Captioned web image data
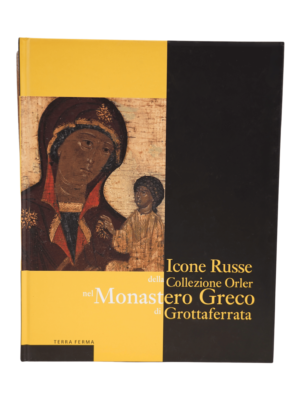 Immergiti nell'incanto delle Icone Russe della Collezione Orler, custodite nel suggestivo Monastero Greco di Grottaferrata. Ogni pagina racconta una storia millenaria di fede e devozione, trasportandoti in un viaggio attraverso la spiritualità dell'arte sacra russa.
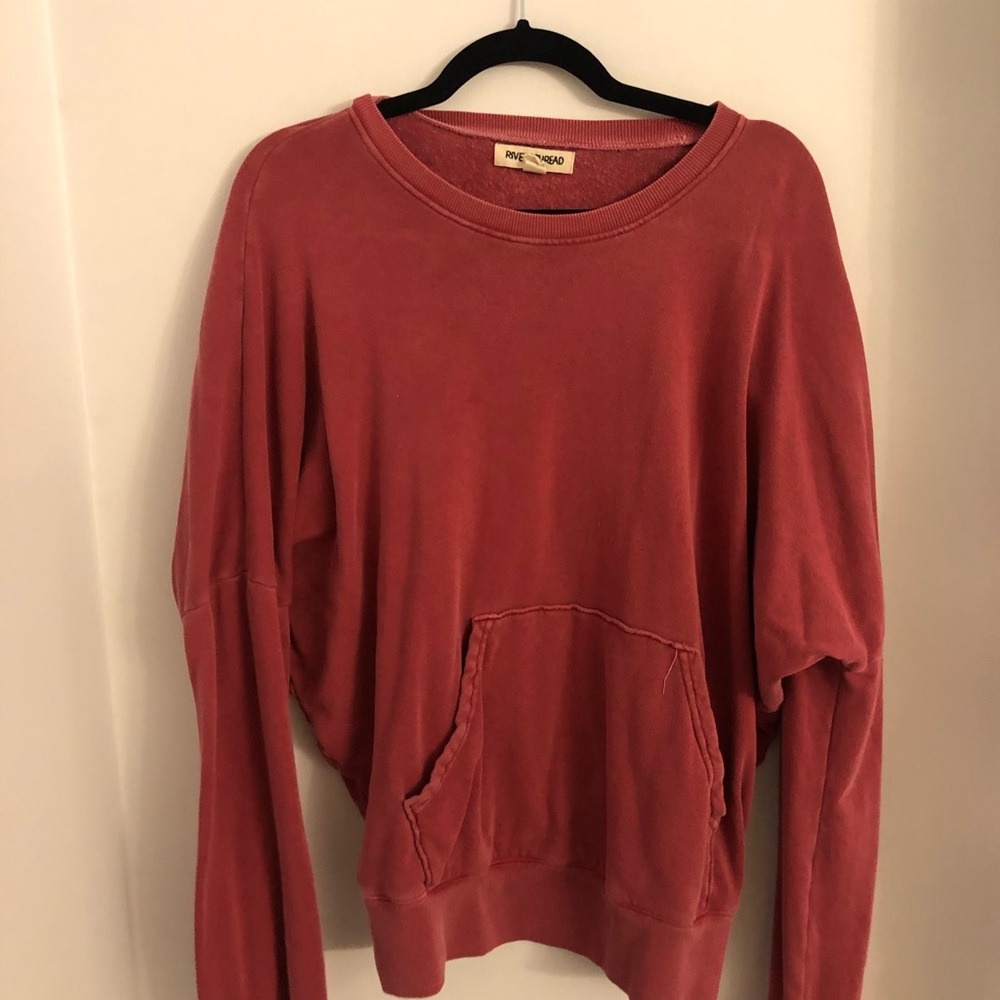 Madewell - Rivet & Thread Sweatshirt - Picture 5 of 9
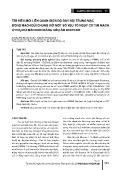 Tìm hiểu mối liên quan giữa độ dày nội trung mạc động mạch đùi chung với một số yếu tố nguy cơ tim mạch ở phụ nữ mãn kinh bằng siêu âm Doppler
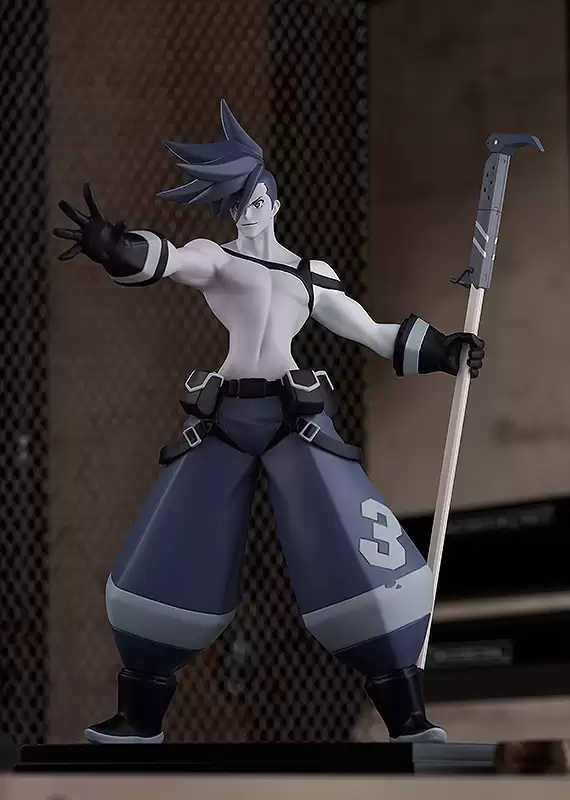 ������� POP UP PARADE Promare: Galo Thymos Monochrome Ver.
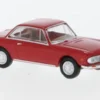 Brekina Lancia Fulvia Coupe, rot, 1970, 1:87, New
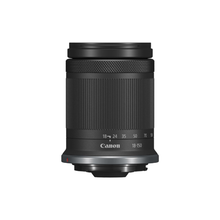 Canon RF-S Lens 18-150 mm F3.5-6.3 IS STM - Zoom Lens with 4.5 Level Stabiliser for Travel & Nature Photography Compatible with EOS R System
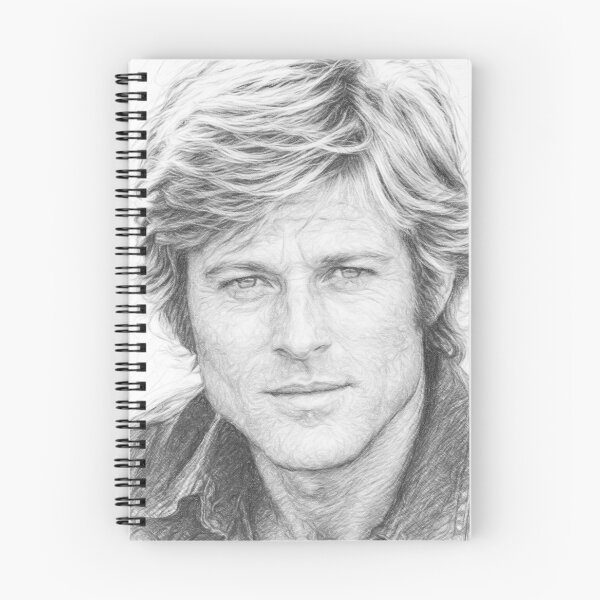 Item preview, Classic Hollywood Golden Boy Actor Pencil Sketch Portrait Fine Art Print designed and sold by Leon Woods Pencil Art.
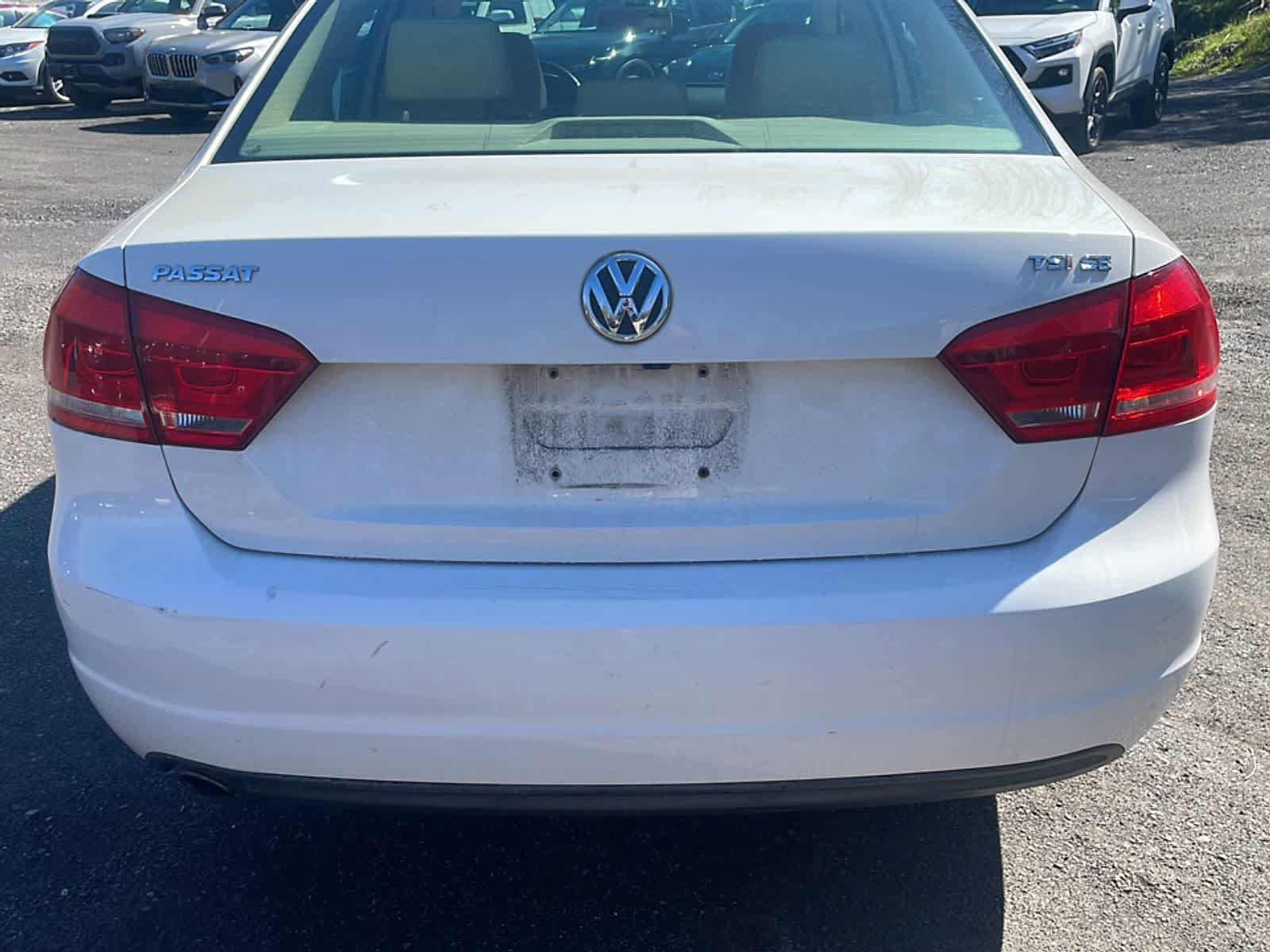 Used 2014 Volkswagen Passat 1.8T FWD image 6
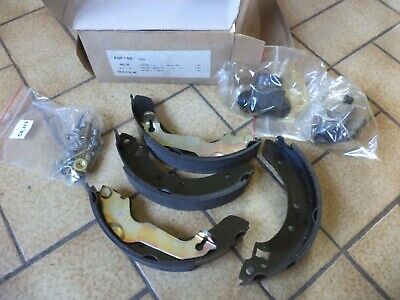 n°gd602 kit frein ford fiesta XR2 kdf138 ferodo neuf DPA86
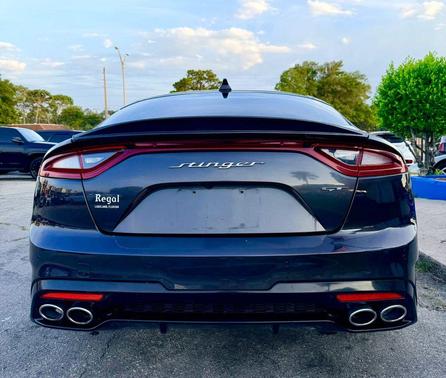 Panthera Metal 2019 Kia Stinger GT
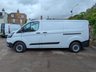 USED 2021 70 FORD TRANSIT CUSTOM 2.0 300 EcoBlue MHEV Leader Panel Van 5dr Diesel Manual L2 H1 Euro 6 (s/s) (130 ps) NO VAT+Aircon+ Security Locks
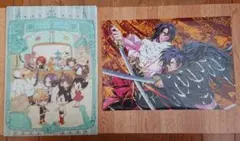 テヅカオトメ　クリアファイル2枚セット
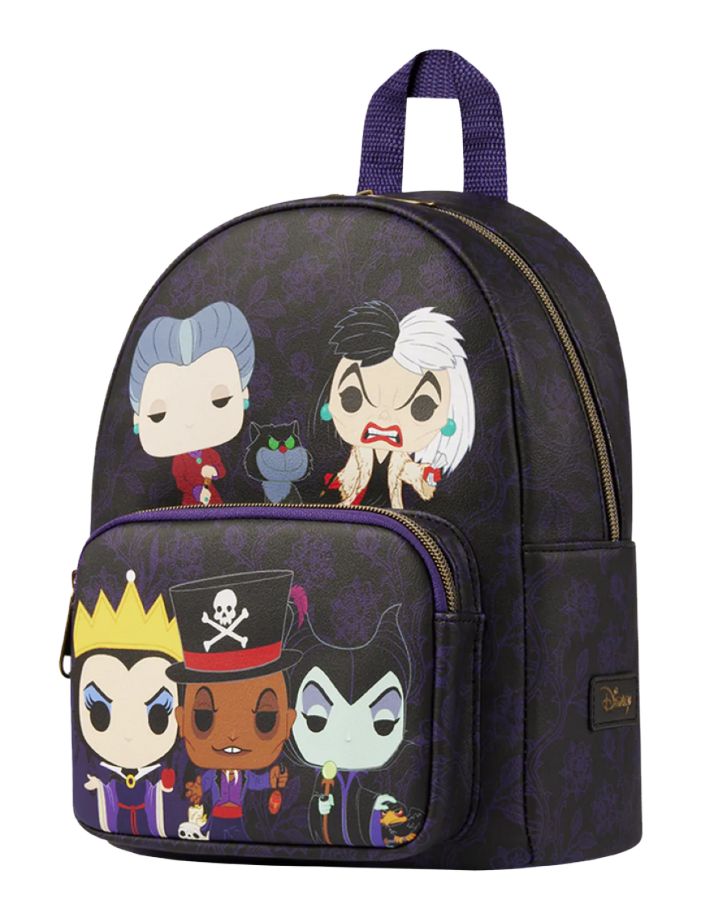 Disney - Pop! Villains Mini Backpack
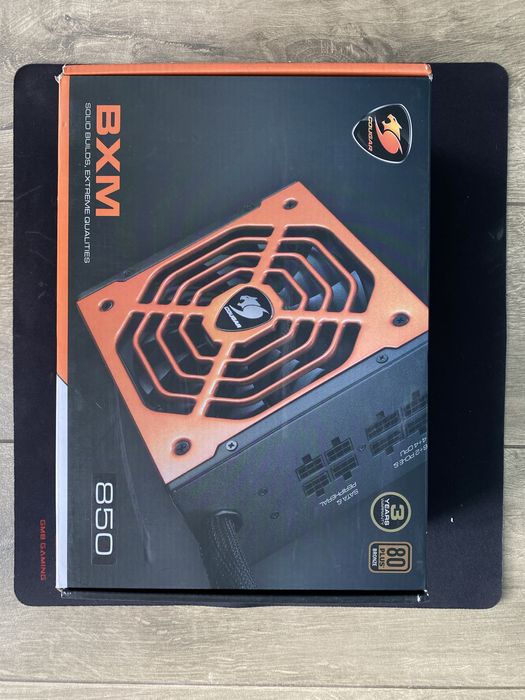 Блок живлення Cougar BXM 850W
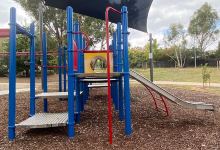 Macquarie Playground景点图片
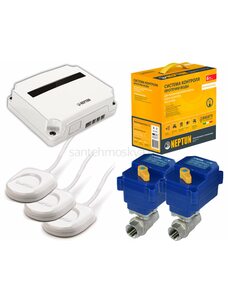 Система защиты от протечек Neptun Bugatti Base 3/4" (2156530) 100035530800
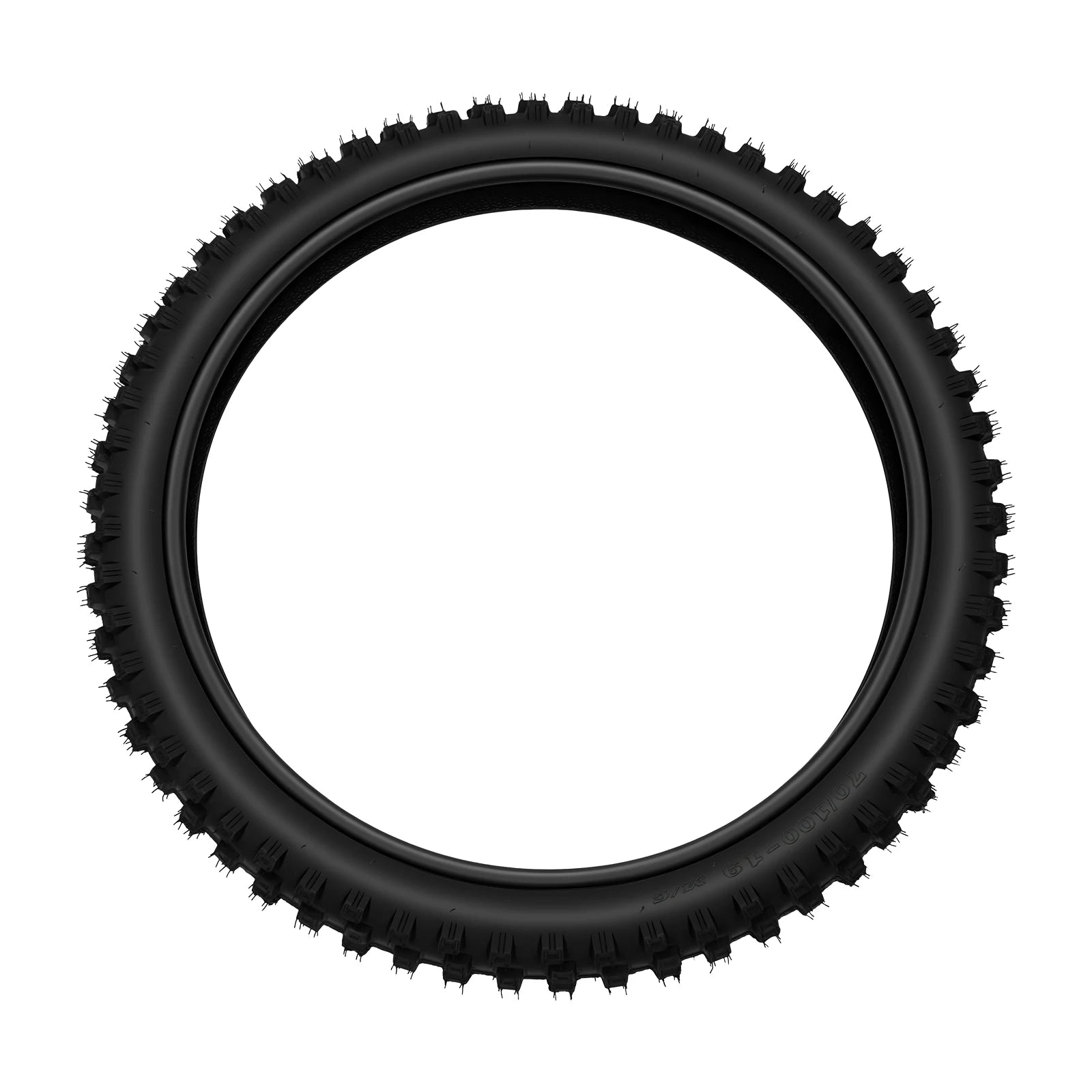 Dirt Bike Tires – 70/100-19 Front Tire & Inner Tube Set
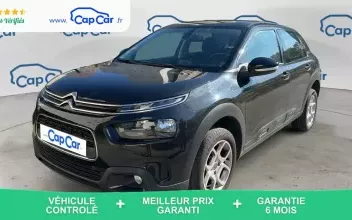Citroen C4 Cactus Paris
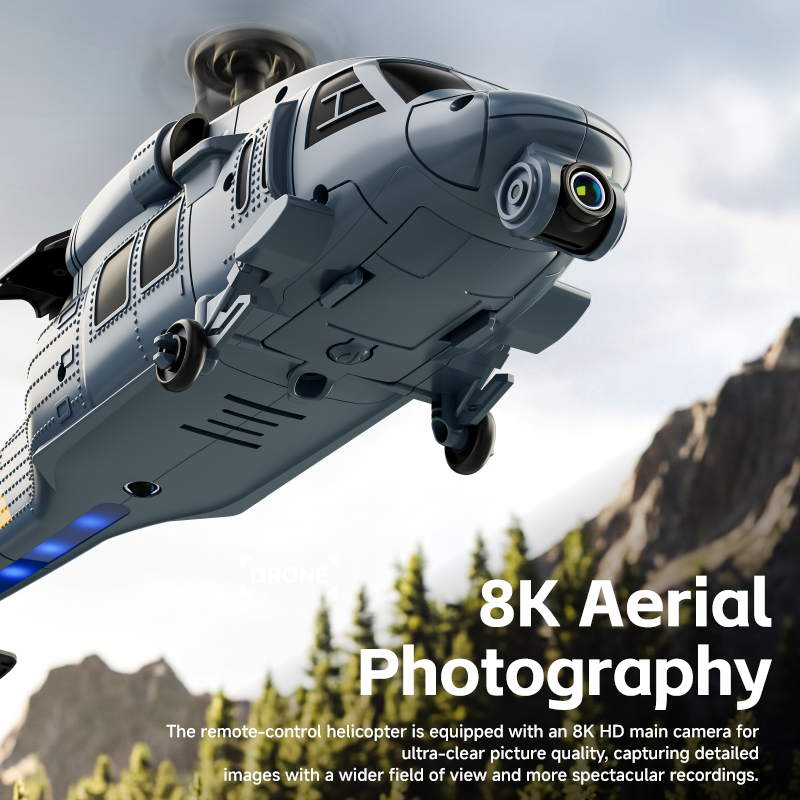 8K Flybarless Optische Flow Ho - Rc Helicopter Gyro recensie en prijs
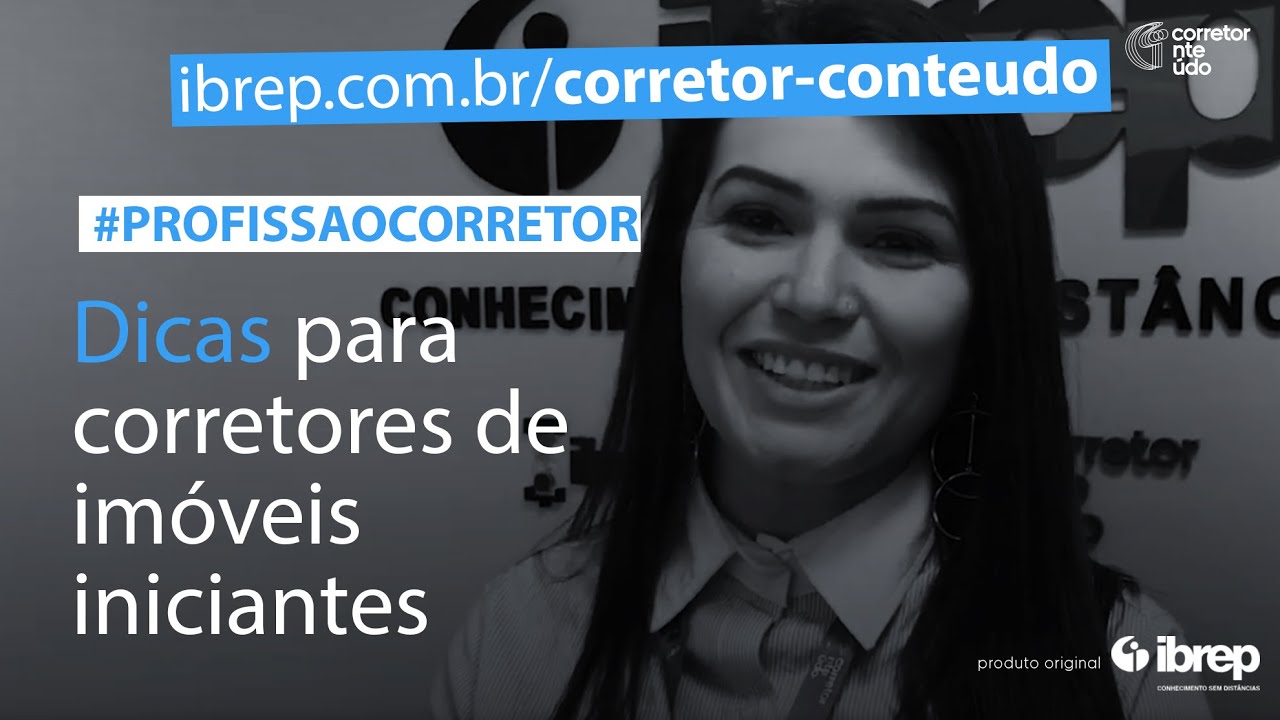 Dicas Para Corretores de Im&oacute;veis Iniciantes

**Work instructions:** Reproduce the lines above beginning at the line that contains "Tìm hiểu mối" and ending at the line that contains "Canon RF-S Lens". No pictures.

**Your solution:**
 Tìm hiểu mối liên quan giữa độ dày nội trung mạc động mạch đùi chung với một số yếu tố nguy cơ tim mạch ở phụ nữ mãn kinh bằng siêu âm Doppler
 ������� POP UP PARADE Promare: Galo Thymos Monochrome Ver.
 Brekina Lancia Fulvia Coupe, rot, 1970, 1:87, New
 Canon RF-S Lens 18-150 mm F3.5-6.3 IS STM - Zoom Lens with 4.5 Level Stabiliser for Travel & Nature Photography Compatible with EOS R System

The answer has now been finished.